Monday, December 31, 2012
Help Me Howard: 7's Top 7 - Help Me Howard
There were many common problems and some unique cases for Help Me Howard this past year. Tonight, a look back.
WSVN -- Hello everybody I'm Patrick Fraser back for another year of Help Me Howard.
Howard Finkelstein: "And I am Howard Finkelstein and we are glad to be back because we truly enjoying helping you."
This past year created a lot of headaches for a lot of people. So many that we couldn't pick the seven top problems we got. So we have a tie for number seven, beginning with jobs.
You gotta have one to pay the bills and many people had trouble with theirs. Felicia got unfairly fired as a security guard.
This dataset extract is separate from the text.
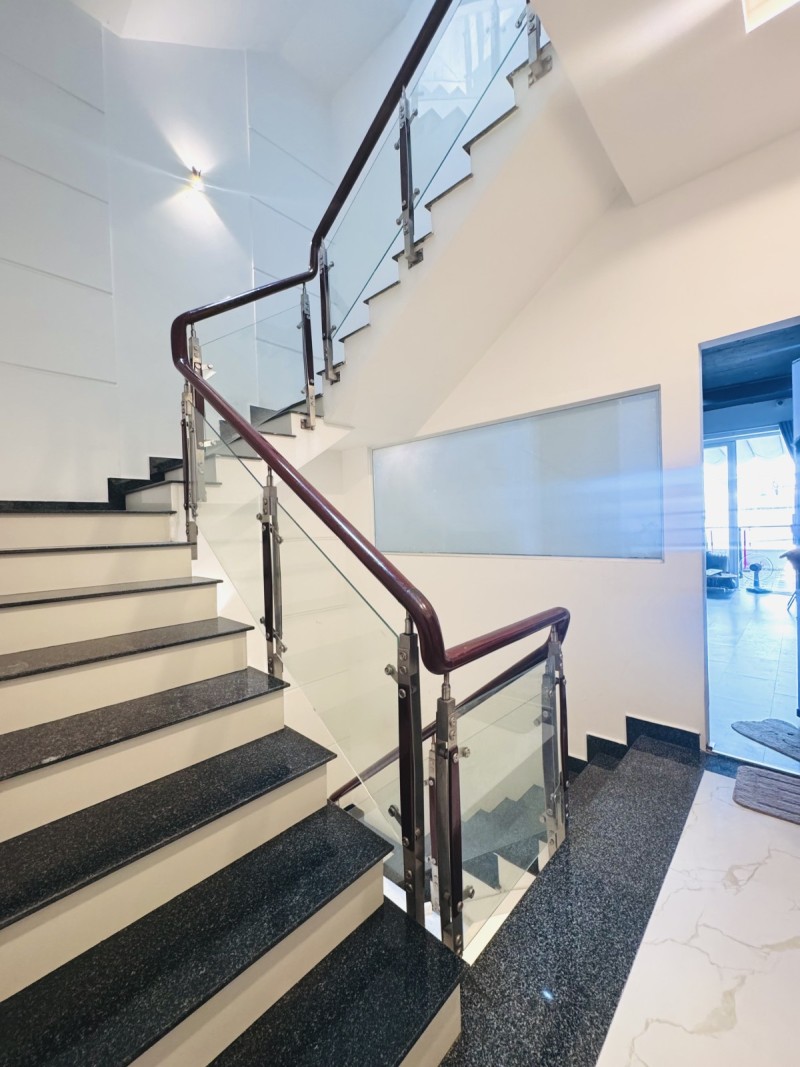 GÒ VẤP – NHÀ  4 TẦNG, 102M²,  HẺM XE TẢI 6M – Ở + KINH DOANH SPA, NAIL, VĂN PHÒNG – CHỈ 11.3 TỶ 15989056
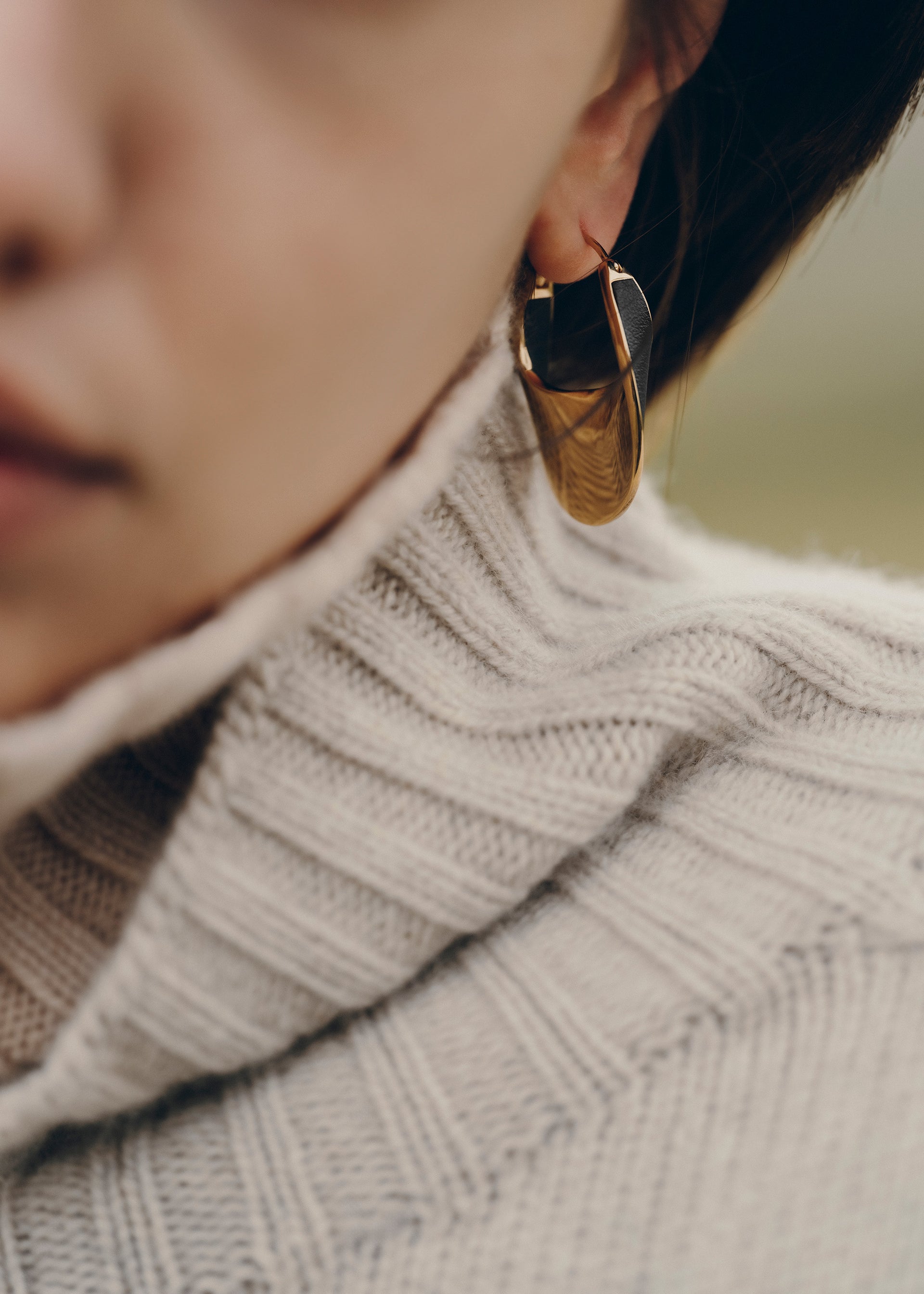 Éole Slim Hoop Earrings - Black Leather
Stephan got let go and an angry ex-boss's bad reference cost him several jobs and April couldn't get her ex-boss to to sign a paper to get the money she was entitled to.
Howard Finkelstein: "Tied with jobs at number seven, people and their one of a kind problems. From Maria who discovered the cemetery plot she had bought for her husband was numbered 666 to Tom, the Good Samaritan who saw a man wreck his motorcycle and stopped to help; the rider sued him.
And then there was Jim who discovered why he had no credit.
He had been declared dead by a credit card company."
At number six, insurance headaches. From Cathia getting her rates jacked up by citizens because their inspector made a mistake to Deanna getting hit with a $19,000 medical helicopter ride, to Jo-Ann unable to collect on her late daughters life insurance. It's tough for a person to fight a big powerful insurance company.
Howard Finkelstein: "It's tough for a person to fight a big powerful insurance company. The most important thing is to know what your policy says. Know the state rules and when you battle them, put everything in writing. And don't give up, that's what they count on. Keep fighting."
At number five is neighbors problems with their neighbors. Like the Coral Springs dispute that exploded when one neighbor constantly parked in front of the others house instead of their own home. The lawsuit that came after an 8-year-old bumped into a car that was blocking a sidewalk and the family being stung by a neighbors bee hive.
At number four we had property problems. From a foreclosed home with a tree threatening Thomas' house to the rash of squatters taking over homes for sale. To a condo association issuing a special assessment and when Patricia couldn't pay, threatening to slap a lien on her home and foreclosing on it.
Howard, your home used to be your castle. Now it can be a case of concern.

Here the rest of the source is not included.